Perovskites are one of the most promising new materials for solar cell technology and now a new way to more than triple the material’s efficiency by adding a layer of reflective silver underneath it has been developed.
“No one else has come to this observation in perovskites,” Guo says. “All of a sudden, we can put a metal platform under a perovskite, utterly changing the interaction of the electrons within the perovskite. Thus, we use a physical method to engineer that interaction.”
Perovskites and other photovoltaic materials generate electricity by allowing sunlight to excite electrons in the material, causing them to jump out of their atoms, ready to be guided to generate an electrical current. But sometimes, electrons fall back into the “holes” they left behind, reducing the overall current and as such the efficiency of the material.
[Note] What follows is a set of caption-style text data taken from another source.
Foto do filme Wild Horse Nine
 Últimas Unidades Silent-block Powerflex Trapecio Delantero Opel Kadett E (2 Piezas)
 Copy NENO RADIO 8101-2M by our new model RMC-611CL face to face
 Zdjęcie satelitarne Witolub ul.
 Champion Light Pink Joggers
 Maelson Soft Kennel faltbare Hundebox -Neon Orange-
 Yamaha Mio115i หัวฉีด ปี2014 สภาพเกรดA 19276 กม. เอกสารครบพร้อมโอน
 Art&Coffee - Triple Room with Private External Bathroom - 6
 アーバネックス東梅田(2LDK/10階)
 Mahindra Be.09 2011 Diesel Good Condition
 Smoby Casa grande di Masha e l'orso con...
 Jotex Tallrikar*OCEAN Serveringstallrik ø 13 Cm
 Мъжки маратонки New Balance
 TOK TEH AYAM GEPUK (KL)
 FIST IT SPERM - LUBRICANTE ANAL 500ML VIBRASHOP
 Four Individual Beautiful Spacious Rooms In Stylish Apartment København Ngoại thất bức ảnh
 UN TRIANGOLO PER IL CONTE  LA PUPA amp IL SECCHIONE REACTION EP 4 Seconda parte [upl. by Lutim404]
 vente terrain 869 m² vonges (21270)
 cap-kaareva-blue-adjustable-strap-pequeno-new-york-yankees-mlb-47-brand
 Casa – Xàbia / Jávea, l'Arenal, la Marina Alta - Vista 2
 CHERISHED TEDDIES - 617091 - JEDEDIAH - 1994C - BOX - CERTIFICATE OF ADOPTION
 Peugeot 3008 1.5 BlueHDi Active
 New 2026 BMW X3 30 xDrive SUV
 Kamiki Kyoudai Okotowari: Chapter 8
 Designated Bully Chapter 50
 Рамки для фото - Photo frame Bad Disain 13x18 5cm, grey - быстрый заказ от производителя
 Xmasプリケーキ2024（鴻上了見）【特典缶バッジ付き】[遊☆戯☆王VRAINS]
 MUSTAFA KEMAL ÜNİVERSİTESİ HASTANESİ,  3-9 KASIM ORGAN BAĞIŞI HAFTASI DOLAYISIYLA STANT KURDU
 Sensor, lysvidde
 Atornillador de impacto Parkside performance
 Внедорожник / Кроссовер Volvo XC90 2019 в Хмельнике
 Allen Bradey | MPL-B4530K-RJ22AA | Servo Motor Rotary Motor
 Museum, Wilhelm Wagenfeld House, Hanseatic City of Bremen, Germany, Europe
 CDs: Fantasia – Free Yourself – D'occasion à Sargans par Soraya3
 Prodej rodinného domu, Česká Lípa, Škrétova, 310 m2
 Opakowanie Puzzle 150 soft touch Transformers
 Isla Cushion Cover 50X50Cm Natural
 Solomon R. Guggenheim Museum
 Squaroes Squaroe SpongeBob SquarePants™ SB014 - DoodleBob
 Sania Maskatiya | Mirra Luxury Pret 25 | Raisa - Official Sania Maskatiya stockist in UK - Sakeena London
This is what’s known as electron recombination.
In a solar cell, photons from sunlight need to interact with and excite electrons, causing the electrons to leave their atomic cores and generate an electrical current, Guo explains. Ideally, the solar cell would use materials that are weak to pull the excited electrons back to the atomic cores and stop the electrical current.
Guo’s lab demonstrated that such recombination could be substantially prevented by combining a perovskite material with either a layer of metal or a metamaterial substrate consisting of alternating layers of silver, a noble metal, and aluminum oxide, a dielectric.
The result was a significant reduction of electron recombination through “a lot of surprising physics,” Guo says. In effect, the metal layer serves as a mirror, which creates reversed images of electron-hole pairs, weakening the ability of the electrons to recombine with the holes.
The lab was able to use a simple detector to observe the resulting 250 percent increase in the efficiency of light conversion.
“As new perovskites emerge, we can then use our physics-based method to further enhance their performance,” Guo says.